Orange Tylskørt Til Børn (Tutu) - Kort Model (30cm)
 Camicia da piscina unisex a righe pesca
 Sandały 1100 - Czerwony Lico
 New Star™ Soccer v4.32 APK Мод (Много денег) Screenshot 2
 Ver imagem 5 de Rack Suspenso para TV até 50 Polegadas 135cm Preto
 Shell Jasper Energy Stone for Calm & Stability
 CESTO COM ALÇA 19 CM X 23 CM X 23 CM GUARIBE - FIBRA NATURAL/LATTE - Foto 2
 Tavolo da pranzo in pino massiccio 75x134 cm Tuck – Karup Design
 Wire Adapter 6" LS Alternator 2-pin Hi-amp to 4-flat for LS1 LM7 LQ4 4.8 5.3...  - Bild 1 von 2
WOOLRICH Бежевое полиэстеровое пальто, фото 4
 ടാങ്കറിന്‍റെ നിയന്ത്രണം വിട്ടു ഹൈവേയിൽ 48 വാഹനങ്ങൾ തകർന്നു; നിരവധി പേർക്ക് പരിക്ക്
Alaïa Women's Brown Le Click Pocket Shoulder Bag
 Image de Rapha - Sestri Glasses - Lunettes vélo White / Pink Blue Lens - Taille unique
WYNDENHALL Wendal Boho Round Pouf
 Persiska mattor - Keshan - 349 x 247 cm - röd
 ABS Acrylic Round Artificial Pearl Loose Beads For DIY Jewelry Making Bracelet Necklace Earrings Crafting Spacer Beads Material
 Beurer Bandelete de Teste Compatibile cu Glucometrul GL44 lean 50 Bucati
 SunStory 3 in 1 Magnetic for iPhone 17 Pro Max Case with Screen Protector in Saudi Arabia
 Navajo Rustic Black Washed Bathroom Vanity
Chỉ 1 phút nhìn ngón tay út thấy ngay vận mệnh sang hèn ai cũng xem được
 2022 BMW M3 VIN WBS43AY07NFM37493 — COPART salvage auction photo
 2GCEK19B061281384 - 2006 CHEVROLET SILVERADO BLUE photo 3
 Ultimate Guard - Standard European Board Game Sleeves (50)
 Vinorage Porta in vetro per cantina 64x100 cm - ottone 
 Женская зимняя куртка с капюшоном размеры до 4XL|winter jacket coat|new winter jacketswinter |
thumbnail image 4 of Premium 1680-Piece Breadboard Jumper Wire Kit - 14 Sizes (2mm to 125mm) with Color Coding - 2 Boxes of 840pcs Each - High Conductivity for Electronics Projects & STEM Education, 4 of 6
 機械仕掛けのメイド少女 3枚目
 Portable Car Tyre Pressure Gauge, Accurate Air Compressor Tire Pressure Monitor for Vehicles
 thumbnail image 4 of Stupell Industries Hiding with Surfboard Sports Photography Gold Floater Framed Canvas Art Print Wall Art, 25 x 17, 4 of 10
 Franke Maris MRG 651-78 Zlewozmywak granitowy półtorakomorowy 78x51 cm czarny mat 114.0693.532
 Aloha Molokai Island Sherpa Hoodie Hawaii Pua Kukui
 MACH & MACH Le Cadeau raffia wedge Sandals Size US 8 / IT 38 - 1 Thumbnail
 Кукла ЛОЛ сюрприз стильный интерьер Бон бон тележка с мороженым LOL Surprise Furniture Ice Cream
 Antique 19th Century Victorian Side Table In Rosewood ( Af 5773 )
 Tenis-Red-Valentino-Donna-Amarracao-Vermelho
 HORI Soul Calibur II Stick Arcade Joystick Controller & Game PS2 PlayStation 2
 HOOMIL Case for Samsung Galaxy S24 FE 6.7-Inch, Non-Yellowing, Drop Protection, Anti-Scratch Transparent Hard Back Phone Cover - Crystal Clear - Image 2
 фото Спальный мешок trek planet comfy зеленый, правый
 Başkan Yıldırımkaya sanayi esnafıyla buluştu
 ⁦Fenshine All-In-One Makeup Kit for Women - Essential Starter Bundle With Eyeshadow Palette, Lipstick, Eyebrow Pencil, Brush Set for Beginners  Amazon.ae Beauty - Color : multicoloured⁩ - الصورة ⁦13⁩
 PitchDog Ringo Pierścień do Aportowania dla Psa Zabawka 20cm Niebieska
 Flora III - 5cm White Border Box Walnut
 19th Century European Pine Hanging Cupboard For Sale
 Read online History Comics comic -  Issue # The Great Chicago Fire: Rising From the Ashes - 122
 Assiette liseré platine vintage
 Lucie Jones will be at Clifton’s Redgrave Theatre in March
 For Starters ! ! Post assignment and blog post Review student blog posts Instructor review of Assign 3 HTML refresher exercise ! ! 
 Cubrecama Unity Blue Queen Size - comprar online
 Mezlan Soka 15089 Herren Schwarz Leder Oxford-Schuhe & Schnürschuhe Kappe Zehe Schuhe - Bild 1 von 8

- **EXERCISE GOAL**
Each line from the first line of the entries up to and including the line containing "Shell Jasper Energy" should be transcribed exactly, with all other lines left out.

- **RESPONSE**
Orange Tylskørt Til Børn (Tutu) - Kort Model (30cm)
 Camicia da piscina unisex a righe pesca
 Sandały 1100 - Czerwony Lico
 New Star™ Soccer v4.32 APK Мод (Много денег) Screenshot 2
 Ver imagem 5 de Rack Suspenso para TV até 50 Polegadas 135cm Preto
 Shell Jasper Energy Stone for Calm & Stability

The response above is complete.